“We all have our reasons for drinking: Something haunts us all”. So professes Jamie, a recovering alcoholic, in Rosegold, Donna Kay Yarborough’s testament to addiction. As we will soon discover, however, some people’s reasons are far more sinister than others. 

Framed as a virtual meeting of an Alcoholics Anonymous-style group via Zoom, Jamie introduces herself to the rest of the group (the audience) for the first time. Steadily, she opens up about the source of her addiction, the traumatic cycle she exists within, and the impact that both have had on her life and relationships. It’s a heartbreaking and tragic testimonial, and one not entirely unfamiliar to anyone that has known someone dealing with such issues.

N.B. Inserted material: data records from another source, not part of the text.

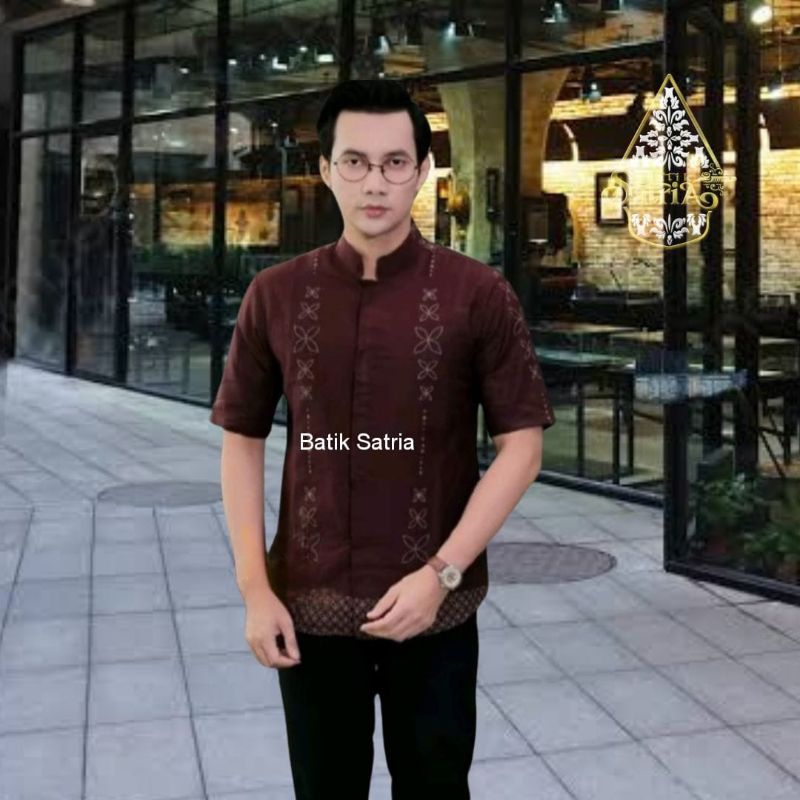 MOTIF PERDANA WARNA MAHOGANY  KOKO ( BATIK SATRIA ) - BAJU KOKO ATASAN PRIA PREMIUM LAPIS FURING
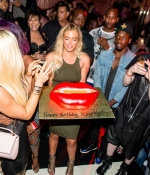Access_Kardashian_11.jpg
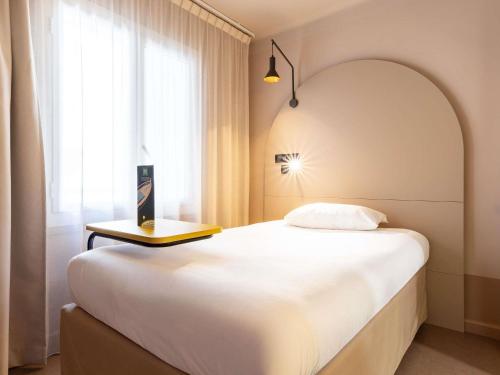 Habitación estándar con una cama individual del hotel Ibis Styles Marseille Centre Prado Castellane. Foto 1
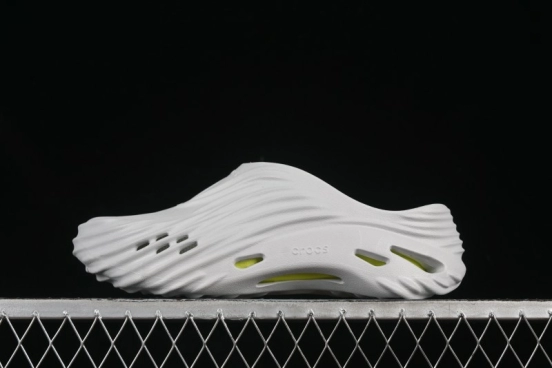 Crocs Eva Wave Casual Beach Clog Sandals - B.D4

Jamie is perfectly candid in her testimony, never shying away from admitting hard truths. She is the self-admitted anti-hero here, and openly declares that “smartass is my default setting, it’s what I do when I’m scared”. As is quickly revealed, she has every right to be afraid. In its discussion of the veils that people wear to disguise themselves in daily life, Rosegold quickly drops its own; revealing that behind an exploration of addiction is a stirring and compelling horror production. 

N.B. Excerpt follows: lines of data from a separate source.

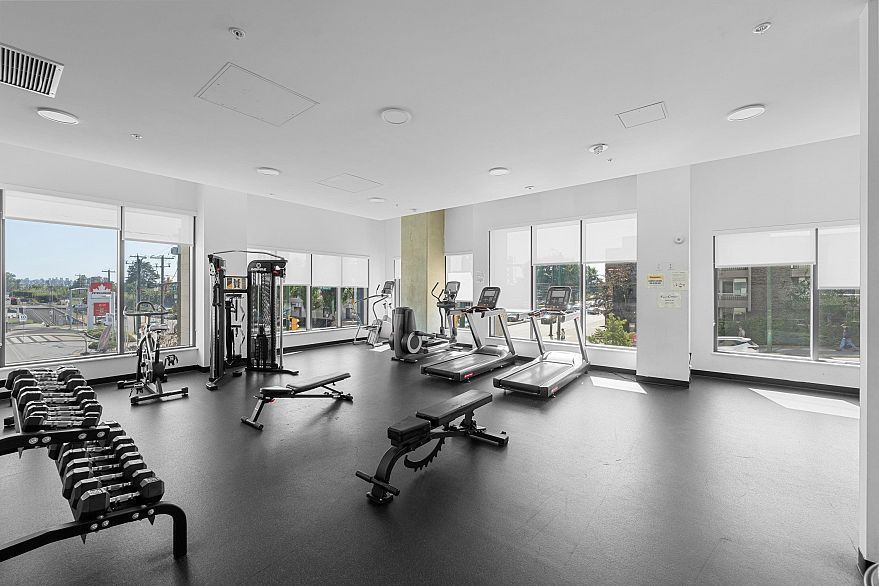 405 8181 Chester Street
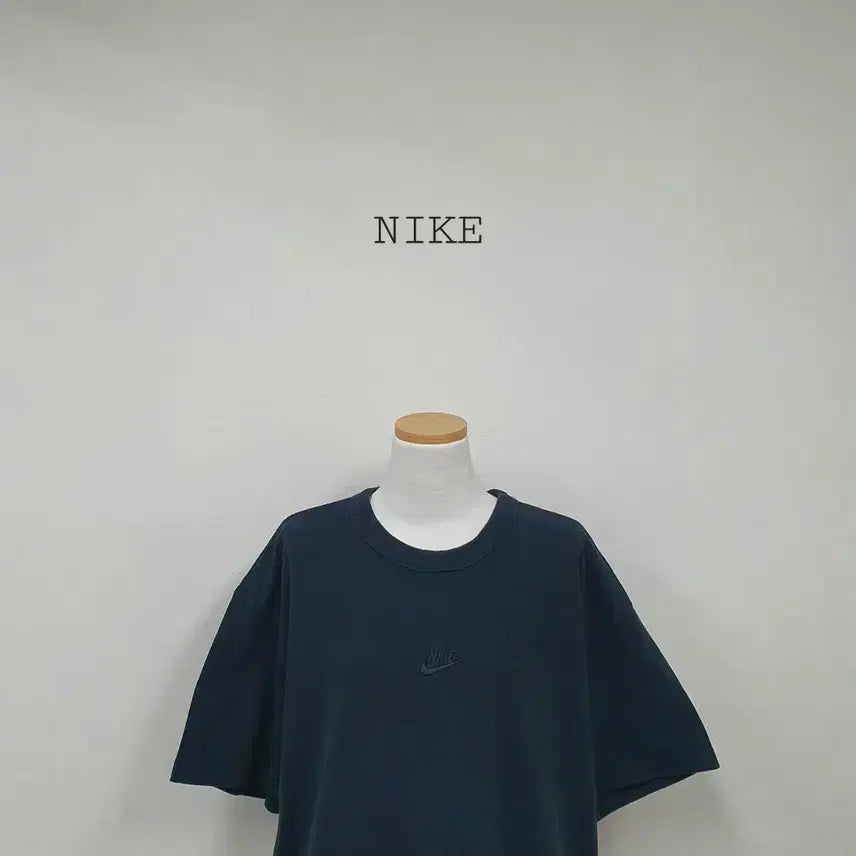 [BUNJANG] Nike Mini Embroidered Black Short Sleeve T-Shirt / 세일)No.26071108 나이키 미니 블랙자수 블랙 반팔 티셔츠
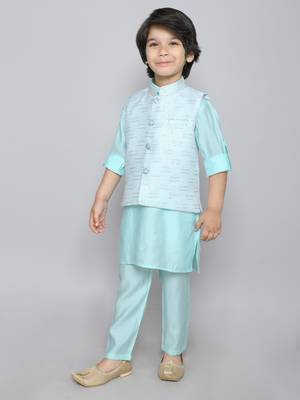 Kurta set with embriodered button up jacket- blue 4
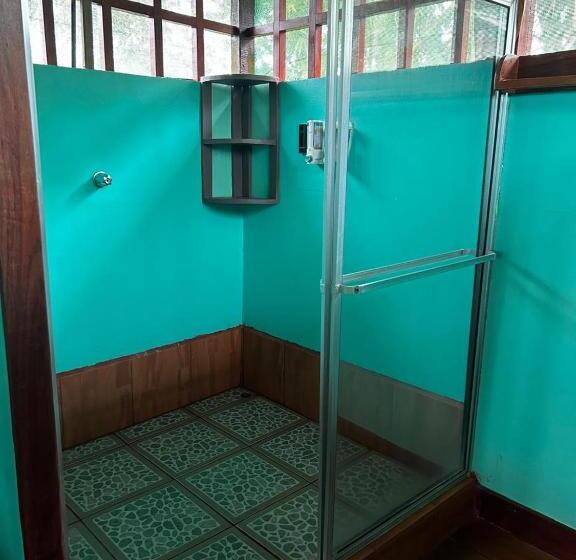 هاستل Nativos Corcovado Cabins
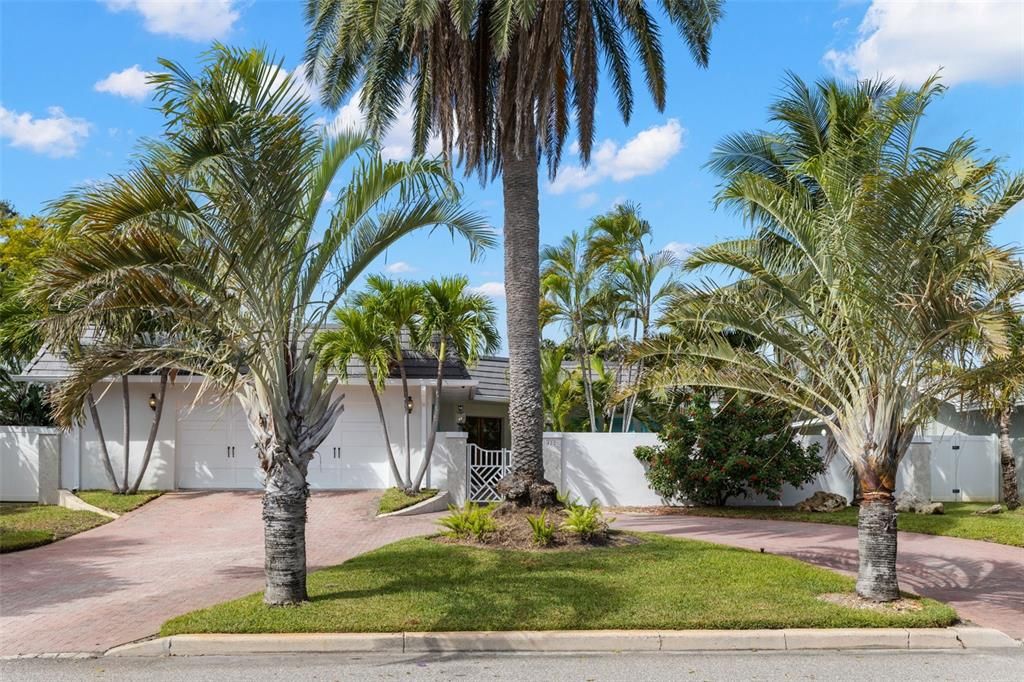 For Sale: $1,200,000 (3 beds, 3 baths, 2093 Square Feet)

At the heart of this is Yarborough’s own performance as Jamie. Her subtle ticks – glances off-screen to her socially distant sponsor, constant sipping from a coffee cup – and small gestures make for thrilling viewing despite the mostly static framing. It also gently teases what is to come, with Yarborough building in intensity as she becomes increasingly frantic. Likewise Yarborough displays a masterful use of language throughout, with Jamie almost slipping into poetic soliloquy as she recounts the horrific event that kickstarted her addiction. 

That said, this also means that any jarring moments are all the more noticeable, namely in the use of the neutral “they” to describe the “Dark Plurality” that haunts Jamie. No matter the circumstance – eldritch or not – “they’s approach” is inherently jarring. In some ways this works though, as this unknowable Lovecraftian entity is a break from normality, and so too is the language that refers to it.

The fact Rosegold is filmed outside on a porch in one continuous take does mean that the external noise of motorbikes speeding past filters in, breaking the pacing somewhat, but never enough to detract from the performance. In fact, Yarborough handles these moments with aplomb, highlighting the strength of her own abilities. 

Overall, Rosegold is an enthralling work that successfully blends Lovecraftian terror with the everyday horrors of addiction. Simple in its execution, but with far greater depth than one might expect, Yarborough proves herself to be a masterful writer and performer with a great deal of promise.